I am not a mother myself, and I probably never will be due to infertility…but these feelings are not foreign to me. I held them throughout my young adult life as a fervent anti-abortionist. I knew–knew–that I would give up my life for my child, without hesitation. I was convinced that my theoretical child deserved to live more than I did, and that if there was ever a time when a pregnancy threatened my health, I would choose the baby over myself. Even if the baby was in danger and I was not, I’d choose it over myself. If I was ever raped, I fervently believed that I would raise that child and make something good out of something terrible. If I knew that my child would be born with severe physical or mental disabilities, I would have it and love it, because it would be my baby, and the difficulty would make me stronger. Knowing ahead of time would just give me time to prepare.
Abortion, for me, was simply not an option, and I didn’t see how any woman could feel differently.
This is where the problem begins. When you believe everyone should think the same way you do, and you start supporting legislation that forces them to follow your way of living.
Time has passed, and my opinion has shifted. I am no longer certain what my decisions would be in the situations above. I spent much of my young life hating myself, believing I wasn’t worth anything, and those feelings informed my decisions. Now I have come to see at least a little of my own worth, and I am not so eager to sacrifice myself.
I am not saying that I would not do it. Technically, we all give things up every day just to maintain the status quo. Compromise is the cornerstone of any relationship, and we all have at least one person we must compromise with. I am not just doing what I want, living as if I don’t affect the world; instead, I am seeing my value and place in it, and thinking more broadly than I was before.

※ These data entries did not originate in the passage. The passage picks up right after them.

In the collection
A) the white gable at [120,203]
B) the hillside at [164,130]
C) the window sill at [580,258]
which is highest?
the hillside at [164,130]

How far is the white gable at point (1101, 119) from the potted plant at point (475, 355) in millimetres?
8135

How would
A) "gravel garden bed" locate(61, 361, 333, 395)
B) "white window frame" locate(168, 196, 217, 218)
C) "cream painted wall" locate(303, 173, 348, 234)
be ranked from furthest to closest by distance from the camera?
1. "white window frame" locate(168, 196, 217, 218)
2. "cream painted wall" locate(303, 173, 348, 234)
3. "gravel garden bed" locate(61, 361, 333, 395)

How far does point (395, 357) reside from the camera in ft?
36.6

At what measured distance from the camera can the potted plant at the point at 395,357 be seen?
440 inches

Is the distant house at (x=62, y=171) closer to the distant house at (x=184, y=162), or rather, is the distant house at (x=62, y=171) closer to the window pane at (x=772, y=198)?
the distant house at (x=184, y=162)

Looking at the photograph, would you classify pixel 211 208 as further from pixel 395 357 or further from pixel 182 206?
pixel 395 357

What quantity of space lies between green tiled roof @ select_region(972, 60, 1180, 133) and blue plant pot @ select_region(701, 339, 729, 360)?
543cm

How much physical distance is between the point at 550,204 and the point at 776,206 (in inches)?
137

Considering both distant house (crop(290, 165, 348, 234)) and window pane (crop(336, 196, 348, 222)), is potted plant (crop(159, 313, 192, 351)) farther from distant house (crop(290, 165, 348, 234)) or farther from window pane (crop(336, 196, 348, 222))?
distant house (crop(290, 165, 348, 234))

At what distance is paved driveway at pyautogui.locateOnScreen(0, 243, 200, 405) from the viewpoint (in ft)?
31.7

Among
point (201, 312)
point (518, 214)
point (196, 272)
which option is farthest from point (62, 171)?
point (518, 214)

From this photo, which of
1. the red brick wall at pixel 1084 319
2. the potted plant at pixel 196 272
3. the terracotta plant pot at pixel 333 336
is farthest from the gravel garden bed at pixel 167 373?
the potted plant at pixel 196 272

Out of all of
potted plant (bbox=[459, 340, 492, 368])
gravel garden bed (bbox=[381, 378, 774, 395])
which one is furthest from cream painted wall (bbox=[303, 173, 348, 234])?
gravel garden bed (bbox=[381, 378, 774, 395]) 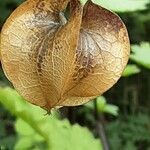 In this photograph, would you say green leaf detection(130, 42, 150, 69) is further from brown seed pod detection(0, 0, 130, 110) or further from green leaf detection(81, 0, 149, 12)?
brown seed pod detection(0, 0, 130, 110)

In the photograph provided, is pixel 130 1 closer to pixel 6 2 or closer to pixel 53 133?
pixel 53 133

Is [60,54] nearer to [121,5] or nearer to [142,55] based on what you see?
[121,5]

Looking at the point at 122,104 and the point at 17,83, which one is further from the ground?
the point at 17,83

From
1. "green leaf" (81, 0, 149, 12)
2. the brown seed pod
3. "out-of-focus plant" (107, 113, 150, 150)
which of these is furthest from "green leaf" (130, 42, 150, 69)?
"out-of-focus plant" (107, 113, 150, 150)

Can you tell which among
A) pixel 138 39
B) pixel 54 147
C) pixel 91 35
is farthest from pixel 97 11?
pixel 138 39

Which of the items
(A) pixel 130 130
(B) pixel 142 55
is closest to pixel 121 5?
(B) pixel 142 55

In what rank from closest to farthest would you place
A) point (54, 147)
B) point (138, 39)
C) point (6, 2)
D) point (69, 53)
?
point (69, 53)
point (54, 147)
point (6, 2)
point (138, 39)

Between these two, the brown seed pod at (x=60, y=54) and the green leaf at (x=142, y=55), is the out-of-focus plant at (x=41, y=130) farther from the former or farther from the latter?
the brown seed pod at (x=60, y=54)

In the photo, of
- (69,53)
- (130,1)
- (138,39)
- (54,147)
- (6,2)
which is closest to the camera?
(69,53) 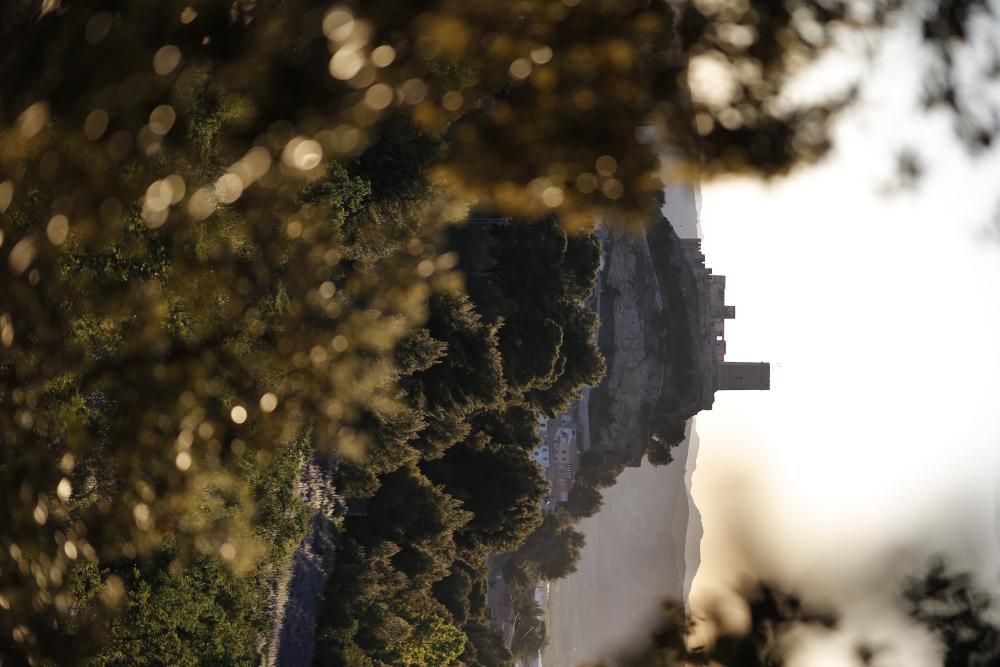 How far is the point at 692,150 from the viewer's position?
5430 mm

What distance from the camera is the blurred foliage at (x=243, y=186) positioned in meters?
5.44

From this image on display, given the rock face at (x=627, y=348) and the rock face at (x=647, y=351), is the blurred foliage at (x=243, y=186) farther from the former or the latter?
the rock face at (x=647, y=351)

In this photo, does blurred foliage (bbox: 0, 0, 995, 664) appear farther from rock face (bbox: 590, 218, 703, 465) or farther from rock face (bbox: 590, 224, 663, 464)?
rock face (bbox: 590, 218, 703, 465)

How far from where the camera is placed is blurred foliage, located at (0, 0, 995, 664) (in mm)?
5441

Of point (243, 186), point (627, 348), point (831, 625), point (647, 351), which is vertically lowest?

And because my opinion has shifted, I can now see that there are times when an abortion might be the right decision for a family. It will always be a painful decision. But now I see that it is one to be made by the people involved: the mother, the father, the doctor. Not by blanket legislation that ends up taking reproduction decisions out of the home and handing them to the state.

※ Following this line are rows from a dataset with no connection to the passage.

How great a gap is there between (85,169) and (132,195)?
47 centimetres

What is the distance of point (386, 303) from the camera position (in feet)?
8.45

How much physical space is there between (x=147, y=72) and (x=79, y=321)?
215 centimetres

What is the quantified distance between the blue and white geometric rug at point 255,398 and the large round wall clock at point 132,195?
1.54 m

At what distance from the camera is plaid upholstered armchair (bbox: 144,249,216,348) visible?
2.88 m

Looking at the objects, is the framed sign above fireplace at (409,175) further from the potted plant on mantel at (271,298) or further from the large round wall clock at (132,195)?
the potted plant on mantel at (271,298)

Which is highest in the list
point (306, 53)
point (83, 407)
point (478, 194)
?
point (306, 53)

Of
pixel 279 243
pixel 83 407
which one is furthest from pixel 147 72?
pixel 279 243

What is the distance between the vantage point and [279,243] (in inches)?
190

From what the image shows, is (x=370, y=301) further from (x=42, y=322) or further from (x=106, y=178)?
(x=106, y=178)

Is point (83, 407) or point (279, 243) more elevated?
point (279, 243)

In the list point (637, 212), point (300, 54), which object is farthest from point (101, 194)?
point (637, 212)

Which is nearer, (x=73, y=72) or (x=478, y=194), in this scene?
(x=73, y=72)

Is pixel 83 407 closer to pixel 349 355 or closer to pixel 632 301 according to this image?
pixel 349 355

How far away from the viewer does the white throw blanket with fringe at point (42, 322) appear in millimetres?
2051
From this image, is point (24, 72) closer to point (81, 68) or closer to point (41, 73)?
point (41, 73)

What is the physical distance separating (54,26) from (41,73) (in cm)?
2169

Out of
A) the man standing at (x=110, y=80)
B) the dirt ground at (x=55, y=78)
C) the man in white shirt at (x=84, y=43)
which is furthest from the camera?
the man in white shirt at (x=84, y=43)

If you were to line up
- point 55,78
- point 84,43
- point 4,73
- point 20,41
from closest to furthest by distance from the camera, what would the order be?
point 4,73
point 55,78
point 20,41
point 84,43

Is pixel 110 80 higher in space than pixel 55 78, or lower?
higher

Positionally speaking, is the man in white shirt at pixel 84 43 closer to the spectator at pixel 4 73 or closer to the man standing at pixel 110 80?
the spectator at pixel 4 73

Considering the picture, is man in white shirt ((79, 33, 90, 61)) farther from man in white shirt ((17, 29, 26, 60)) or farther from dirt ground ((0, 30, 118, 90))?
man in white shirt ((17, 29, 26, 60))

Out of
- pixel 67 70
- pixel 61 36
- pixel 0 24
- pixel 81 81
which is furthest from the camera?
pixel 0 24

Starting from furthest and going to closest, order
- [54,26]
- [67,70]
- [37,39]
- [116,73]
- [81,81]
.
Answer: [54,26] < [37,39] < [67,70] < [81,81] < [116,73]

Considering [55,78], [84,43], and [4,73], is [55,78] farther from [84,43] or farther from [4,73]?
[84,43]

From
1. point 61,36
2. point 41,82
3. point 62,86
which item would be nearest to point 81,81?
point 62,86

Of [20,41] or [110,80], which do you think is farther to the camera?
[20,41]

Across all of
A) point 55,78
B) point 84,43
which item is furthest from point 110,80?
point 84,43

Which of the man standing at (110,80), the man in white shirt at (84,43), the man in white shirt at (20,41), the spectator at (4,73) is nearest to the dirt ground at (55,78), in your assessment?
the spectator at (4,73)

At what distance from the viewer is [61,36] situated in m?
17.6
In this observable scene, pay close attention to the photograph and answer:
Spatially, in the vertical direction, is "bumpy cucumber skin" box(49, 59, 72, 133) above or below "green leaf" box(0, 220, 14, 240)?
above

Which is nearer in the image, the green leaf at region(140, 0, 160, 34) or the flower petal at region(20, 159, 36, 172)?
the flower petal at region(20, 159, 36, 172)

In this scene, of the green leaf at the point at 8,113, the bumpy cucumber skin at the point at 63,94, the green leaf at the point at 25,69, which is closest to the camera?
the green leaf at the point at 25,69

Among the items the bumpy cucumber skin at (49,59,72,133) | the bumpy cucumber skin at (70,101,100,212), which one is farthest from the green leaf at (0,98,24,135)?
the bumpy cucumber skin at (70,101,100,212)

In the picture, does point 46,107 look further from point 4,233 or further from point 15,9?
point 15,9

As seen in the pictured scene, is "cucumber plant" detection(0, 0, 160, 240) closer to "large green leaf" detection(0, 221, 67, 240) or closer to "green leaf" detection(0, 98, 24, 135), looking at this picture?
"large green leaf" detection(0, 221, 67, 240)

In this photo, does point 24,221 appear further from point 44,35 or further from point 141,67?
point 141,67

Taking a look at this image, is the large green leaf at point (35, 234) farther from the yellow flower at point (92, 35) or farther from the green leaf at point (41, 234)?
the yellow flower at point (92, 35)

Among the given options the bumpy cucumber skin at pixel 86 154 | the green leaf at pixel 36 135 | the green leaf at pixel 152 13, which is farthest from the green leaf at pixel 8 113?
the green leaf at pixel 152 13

I am not in favor of late-term abortions; once a fetus is to the point that it could survive outside the womb, it is unconscionable to terminate its life. I am interested in the fetal pain issue and will continue researching the studies that have been done in that vein; someone on Facebook sent me some references to look into. Ultimately, if there is going to be an abortion, I think it should happen as early as possible.
But there may come a point when it’s obvious to everyone involved that something needs to be done, and broad, restrictive legislation only causes further pain in those instances.

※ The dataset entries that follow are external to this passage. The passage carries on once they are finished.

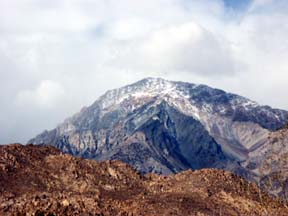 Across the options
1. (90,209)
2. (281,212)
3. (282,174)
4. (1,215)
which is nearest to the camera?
(282,174)

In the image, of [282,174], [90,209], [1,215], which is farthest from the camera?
[90,209]

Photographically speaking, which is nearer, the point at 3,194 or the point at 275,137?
the point at 275,137

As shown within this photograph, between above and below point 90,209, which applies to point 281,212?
below

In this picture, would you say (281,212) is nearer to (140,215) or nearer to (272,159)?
(272,159)

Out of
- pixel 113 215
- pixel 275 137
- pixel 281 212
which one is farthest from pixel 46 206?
pixel 275 137

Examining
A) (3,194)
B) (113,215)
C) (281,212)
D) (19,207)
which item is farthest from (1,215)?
(281,212)

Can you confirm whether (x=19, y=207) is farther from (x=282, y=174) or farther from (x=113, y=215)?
(x=282, y=174)

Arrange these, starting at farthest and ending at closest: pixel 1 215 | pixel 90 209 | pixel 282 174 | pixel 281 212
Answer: pixel 90 209 < pixel 1 215 < pixel 281 212 < pixel 282 174

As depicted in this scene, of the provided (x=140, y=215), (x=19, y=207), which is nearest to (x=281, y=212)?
(x=140, y=215) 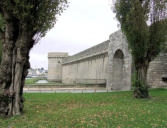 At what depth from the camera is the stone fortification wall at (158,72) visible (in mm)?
14531

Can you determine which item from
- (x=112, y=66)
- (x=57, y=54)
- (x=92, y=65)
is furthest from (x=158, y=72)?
(x=57, y=54)

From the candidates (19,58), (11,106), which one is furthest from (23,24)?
(11,106)

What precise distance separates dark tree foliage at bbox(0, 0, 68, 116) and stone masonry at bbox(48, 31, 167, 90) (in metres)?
7.59

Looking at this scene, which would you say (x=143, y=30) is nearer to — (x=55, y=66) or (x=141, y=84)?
(x=141, y=84)

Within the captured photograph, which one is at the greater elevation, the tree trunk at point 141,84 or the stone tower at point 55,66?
the stone tower at point 55,66

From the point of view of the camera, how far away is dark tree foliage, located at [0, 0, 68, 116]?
6.20m

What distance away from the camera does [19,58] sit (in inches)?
253

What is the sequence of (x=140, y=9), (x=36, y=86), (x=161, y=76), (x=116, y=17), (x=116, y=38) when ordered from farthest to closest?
(x=36, y=86) < (x=116, y=38) < (x=161, y=76) < (x=116, y=17) < (x=140, y=9)

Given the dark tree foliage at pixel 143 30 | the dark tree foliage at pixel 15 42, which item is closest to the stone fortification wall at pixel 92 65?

People are all of a sudden starting to hear about Georgia State Rep. Terry England’s comparing of women to livestock, and using his statement to rally people against HB 954, the “fetal pain” bill. This is old news. Rep. England made his comments last month; here’s coverage from the Huffington Post.
In the ensuing weeks, the bill has been rewritten, and there are now allowances for the health of the mother, thus rendering the current rallying cry inaccurate and possibly damaging. The real issue with this bill is not the fact that one man said something ludicrous. It is that this legislation would give the Georgia government control over the relationship between doctor and patient, leaving the doctor essentially impotent and the patient with no input into her medical care whatsoever.
Section 1 is the justification for the bill. Its main claim is that there is “substantial evidence” that fetuses feel pain at 20 weeks. I would say this is the argument on which the entire bill depends. However, I am having trouble finding this “substantial evidence”.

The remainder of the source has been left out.